Enter Bearable. I had first found out about it on Reddit. It. Was. PERFECT. I was seriously considering learning to code to solve this problem until I found it!

Every day, three times a day, the little bear pops up to say hey, medicine time! I take my meds, open the app to mark them as taken – and hey, while I’m here, I might as well check in! How am I feeling? What’s going on with my day? Any symptoms? Bam! Less than 3 minutes, done and dusted and all in one place.

First thing every morning I stick my temperature, weight, that sort of thing into my Health app – Bearable grabs it for me! My Watch keeps track of my heart rate (gotta make sure those stimulants aren’t pumping me too far up!) – Bearable grabs that too!

Since using Bearable, I’ve been able to track patterns – I now know when I’ll need more ADHD meds because the hormones make them less effective.

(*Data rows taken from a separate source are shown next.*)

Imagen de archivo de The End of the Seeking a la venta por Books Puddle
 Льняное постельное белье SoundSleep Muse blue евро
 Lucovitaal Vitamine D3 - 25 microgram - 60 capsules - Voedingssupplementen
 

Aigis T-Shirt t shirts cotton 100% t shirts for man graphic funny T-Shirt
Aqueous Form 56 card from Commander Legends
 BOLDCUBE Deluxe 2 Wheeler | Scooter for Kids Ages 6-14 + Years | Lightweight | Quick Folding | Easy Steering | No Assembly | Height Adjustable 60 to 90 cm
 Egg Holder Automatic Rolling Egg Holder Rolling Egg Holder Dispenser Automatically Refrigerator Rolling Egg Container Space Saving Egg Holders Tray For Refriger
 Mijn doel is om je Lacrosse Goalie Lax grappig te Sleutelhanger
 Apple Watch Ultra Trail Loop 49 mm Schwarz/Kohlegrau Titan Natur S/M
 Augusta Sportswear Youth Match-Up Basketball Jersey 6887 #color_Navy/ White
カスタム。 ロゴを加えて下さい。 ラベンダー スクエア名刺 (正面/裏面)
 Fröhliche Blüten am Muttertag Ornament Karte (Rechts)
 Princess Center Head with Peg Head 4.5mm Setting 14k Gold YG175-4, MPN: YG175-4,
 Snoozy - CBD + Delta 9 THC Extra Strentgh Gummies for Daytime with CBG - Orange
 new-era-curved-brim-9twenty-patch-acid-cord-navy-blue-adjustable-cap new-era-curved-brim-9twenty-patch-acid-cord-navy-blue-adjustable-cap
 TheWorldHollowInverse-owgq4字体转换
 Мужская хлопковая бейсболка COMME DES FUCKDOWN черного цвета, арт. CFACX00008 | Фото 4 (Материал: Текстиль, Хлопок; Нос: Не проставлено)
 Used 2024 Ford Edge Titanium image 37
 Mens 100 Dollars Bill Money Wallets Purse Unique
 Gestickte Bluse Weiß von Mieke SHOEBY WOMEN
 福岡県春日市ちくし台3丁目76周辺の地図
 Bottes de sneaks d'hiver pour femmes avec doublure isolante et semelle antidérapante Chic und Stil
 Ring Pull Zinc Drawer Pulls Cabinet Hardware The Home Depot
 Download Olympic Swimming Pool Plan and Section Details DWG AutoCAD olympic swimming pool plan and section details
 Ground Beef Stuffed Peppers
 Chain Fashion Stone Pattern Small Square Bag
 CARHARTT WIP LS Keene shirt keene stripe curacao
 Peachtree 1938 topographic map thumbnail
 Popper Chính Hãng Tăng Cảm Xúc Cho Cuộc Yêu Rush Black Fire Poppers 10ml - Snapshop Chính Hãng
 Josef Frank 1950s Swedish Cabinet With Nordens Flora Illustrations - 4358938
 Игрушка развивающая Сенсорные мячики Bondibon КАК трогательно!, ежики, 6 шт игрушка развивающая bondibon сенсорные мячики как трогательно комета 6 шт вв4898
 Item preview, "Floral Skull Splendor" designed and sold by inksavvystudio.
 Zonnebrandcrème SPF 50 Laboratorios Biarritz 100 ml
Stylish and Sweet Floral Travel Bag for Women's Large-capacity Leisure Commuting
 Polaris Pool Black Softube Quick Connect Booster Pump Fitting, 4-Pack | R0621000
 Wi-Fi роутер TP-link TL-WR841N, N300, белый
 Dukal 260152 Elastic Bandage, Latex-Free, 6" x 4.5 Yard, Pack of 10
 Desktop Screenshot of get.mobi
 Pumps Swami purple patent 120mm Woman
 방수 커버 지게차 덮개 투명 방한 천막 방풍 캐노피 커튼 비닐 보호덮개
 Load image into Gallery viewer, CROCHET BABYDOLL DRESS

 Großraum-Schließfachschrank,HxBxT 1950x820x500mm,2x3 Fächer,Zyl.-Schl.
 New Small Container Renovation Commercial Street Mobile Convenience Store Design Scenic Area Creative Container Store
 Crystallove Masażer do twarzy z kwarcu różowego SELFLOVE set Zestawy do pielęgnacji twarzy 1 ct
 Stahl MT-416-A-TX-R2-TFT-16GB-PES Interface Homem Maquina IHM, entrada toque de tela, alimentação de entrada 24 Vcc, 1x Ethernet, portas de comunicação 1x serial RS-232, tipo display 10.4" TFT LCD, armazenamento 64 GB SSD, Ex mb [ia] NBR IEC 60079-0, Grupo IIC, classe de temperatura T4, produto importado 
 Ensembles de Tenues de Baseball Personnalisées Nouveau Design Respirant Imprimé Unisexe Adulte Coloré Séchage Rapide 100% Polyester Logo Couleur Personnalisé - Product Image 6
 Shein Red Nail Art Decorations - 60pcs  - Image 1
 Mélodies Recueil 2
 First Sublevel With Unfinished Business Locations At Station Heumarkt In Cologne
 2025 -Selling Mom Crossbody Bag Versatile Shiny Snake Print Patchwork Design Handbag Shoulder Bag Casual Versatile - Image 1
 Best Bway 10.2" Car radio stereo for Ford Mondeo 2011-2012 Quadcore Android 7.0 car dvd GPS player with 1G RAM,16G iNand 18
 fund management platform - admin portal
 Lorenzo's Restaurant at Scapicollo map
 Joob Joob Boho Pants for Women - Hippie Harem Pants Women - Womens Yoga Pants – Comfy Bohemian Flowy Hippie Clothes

No more wondering why everything sucks three days in…

I now know that I actually only need half the antidepressants I used to be on – woohoo!!  ! With depression, a bad day feels like forever – now, I can look at the little calendar and see, it’s only been two days and this happened last time we had to go to the dentist too, it’ll pass! (I had never even considered tracking stuff like appointments, when I see family and friends, or factors that could affect my symptoms before! And I called myself a scientist??)

This app is seriously my hero.  If you have ADHD or depression, if you’re trialing medication and tracking side effects, or even if you just want a straight-forward way to track your moods during your cycle – this is the one. You have found it!